--- Dataset excerpts Enclosed Below ---
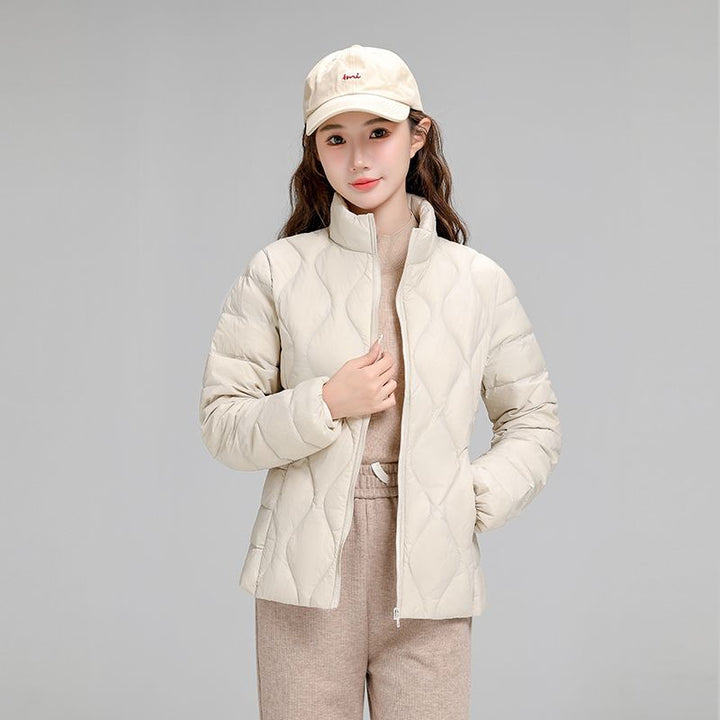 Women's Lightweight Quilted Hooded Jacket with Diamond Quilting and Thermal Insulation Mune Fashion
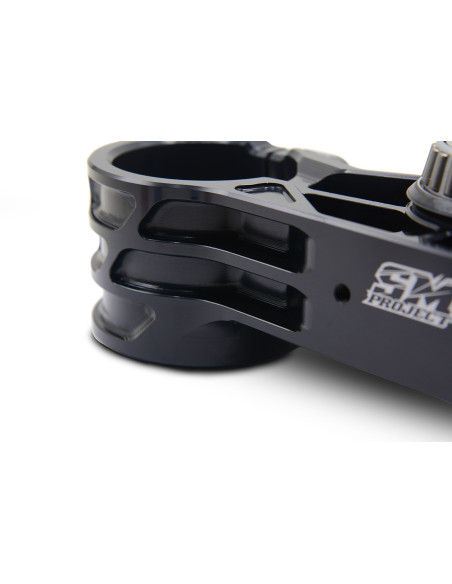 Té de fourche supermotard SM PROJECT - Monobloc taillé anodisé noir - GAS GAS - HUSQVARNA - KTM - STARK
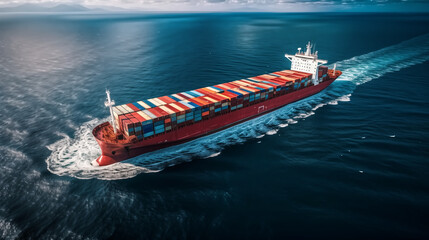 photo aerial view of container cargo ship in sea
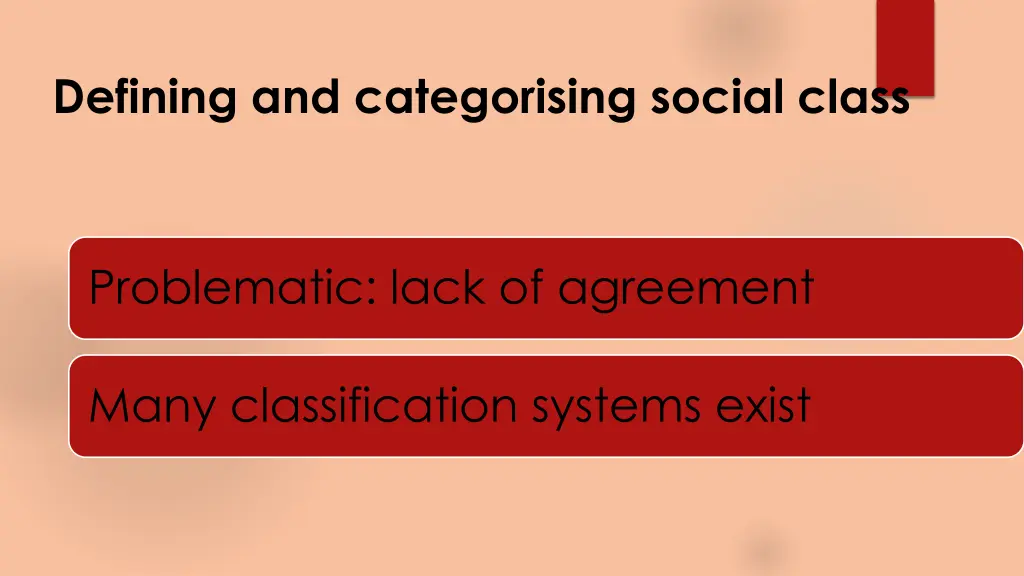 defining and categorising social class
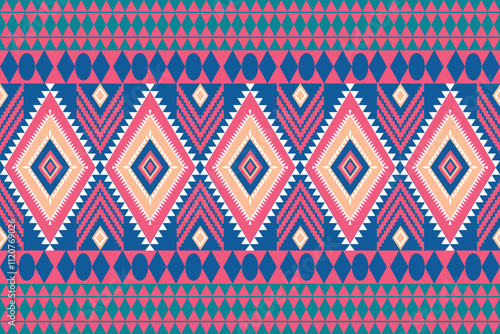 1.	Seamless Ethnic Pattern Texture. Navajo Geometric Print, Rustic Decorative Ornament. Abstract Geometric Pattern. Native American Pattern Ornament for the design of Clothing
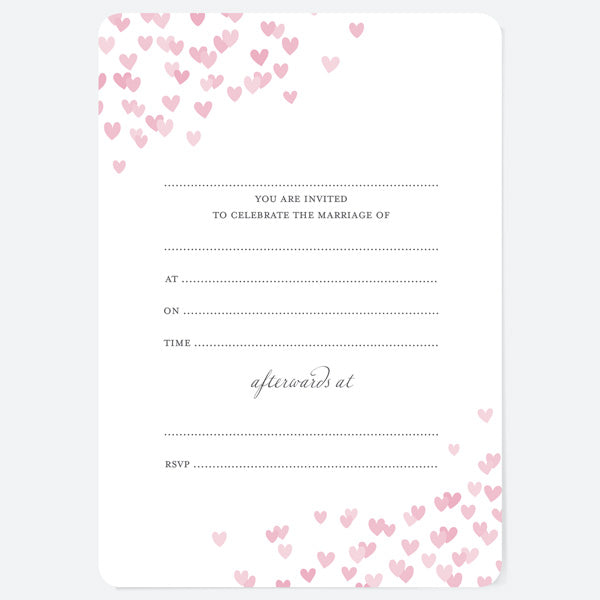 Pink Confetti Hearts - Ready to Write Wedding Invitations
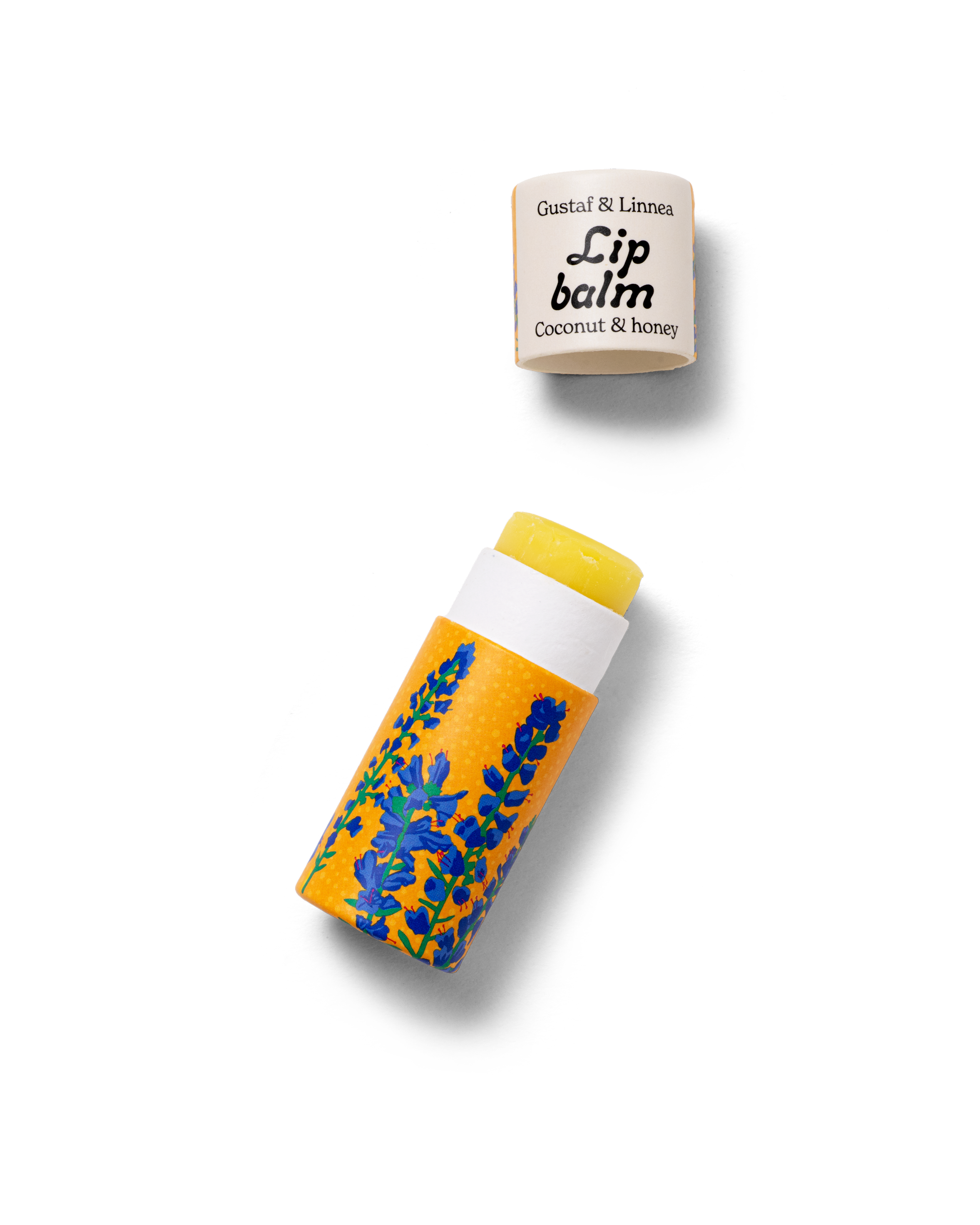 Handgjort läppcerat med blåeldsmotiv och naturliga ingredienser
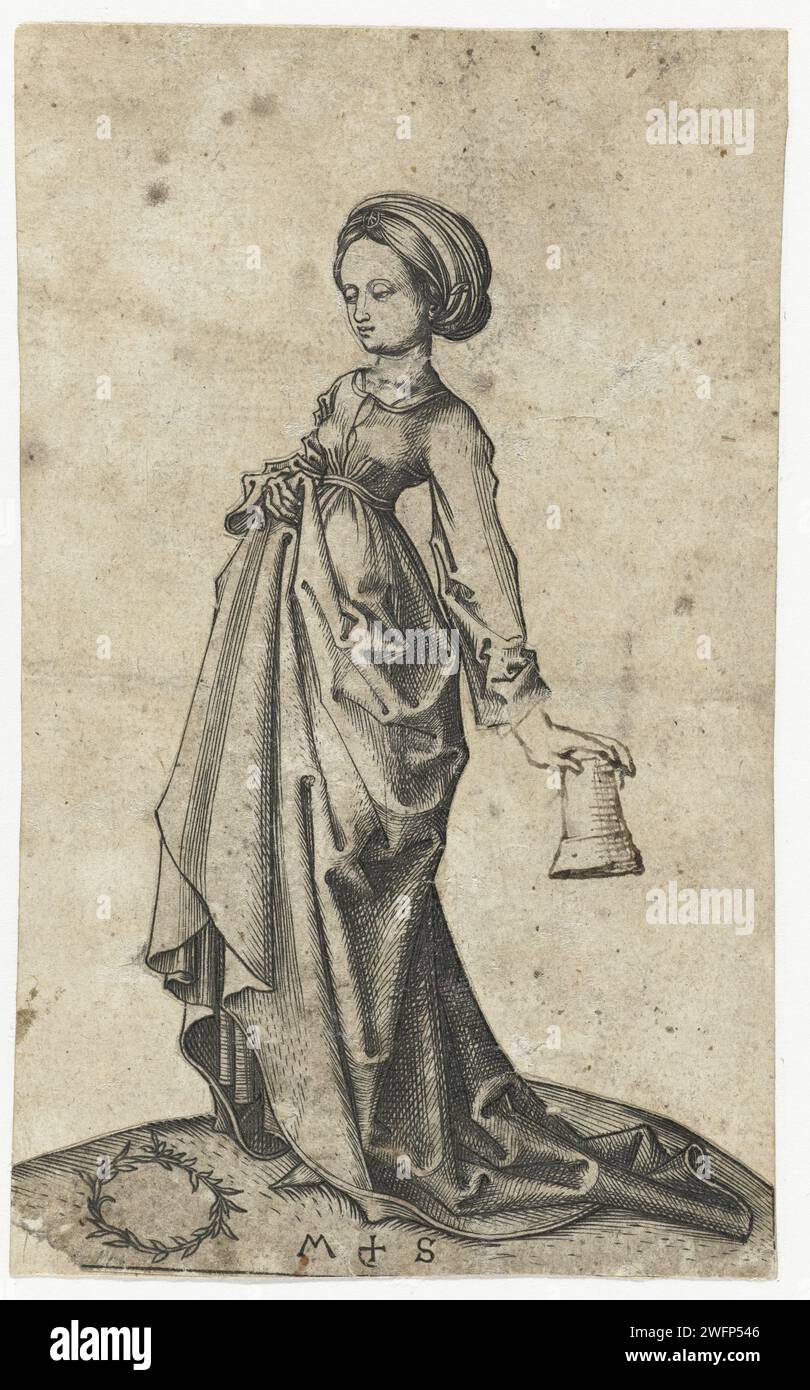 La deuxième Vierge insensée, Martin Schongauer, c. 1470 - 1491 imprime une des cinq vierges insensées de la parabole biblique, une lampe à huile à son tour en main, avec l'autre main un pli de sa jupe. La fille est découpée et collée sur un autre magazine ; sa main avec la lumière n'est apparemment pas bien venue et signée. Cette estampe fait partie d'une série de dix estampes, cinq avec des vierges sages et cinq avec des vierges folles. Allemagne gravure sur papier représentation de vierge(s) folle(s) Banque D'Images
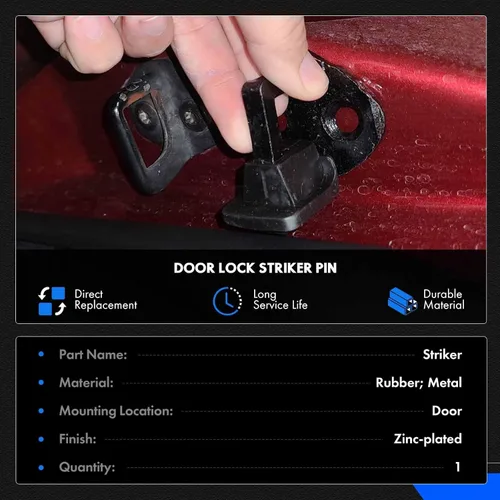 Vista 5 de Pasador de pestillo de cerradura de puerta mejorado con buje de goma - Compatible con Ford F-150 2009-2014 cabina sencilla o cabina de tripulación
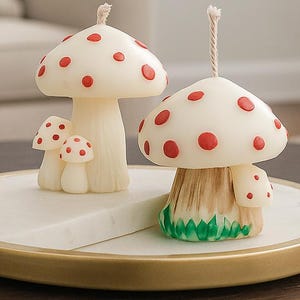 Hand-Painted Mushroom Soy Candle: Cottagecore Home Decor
--- End of Enclosed Dataset excerpts ---
■ What to produce
Print only the lines from the line that contains "defining and categorising social class" to the final line of the data, inclusive. Pictures stay out.

■ Task answer
 defining and categorising social class
 1.	Seamless Ethnic Pattern Texture. Navajo Geometric Print, Rustic Decorative Ornament. Abstract Geometric Pattern. Native American Pattern Ornament for the design of Clothing
 Pink Confetti Hearts - Ready to Write Wedding Invitations
 Handgjort läppcerat med blåeldsmotiv och naturliga ingredienser
 La deuxième Vierge insensée, Martin Schongauer, c. 1470 - 1491 imprime une des cinq vierges insensées de la parabole biblique, une lampe à huile à son tour en main, avec l'autre main un pli de sa jupe. La fille est découpée et collée sur un autre magazine ; sa main avec la lumière n'est apparemment pas bien venue et signée. Cette estampe fait partie d'une série de dix estampes, cinq avec des vierges sages et cinq avec des vierges folles. Allemagne gravure sur papier représentation de vierge(s) folle(s) Banque D'Images
 Vista 5 de Pasador de pestillo de cerradura de puerta mejorado con buje de goma - Compatible con Ford F-150 2009-2014 cabina sencilla o cabina de tripulación
 Hand-Painted Mushroom Soy Candle: Cottagecore Home Decor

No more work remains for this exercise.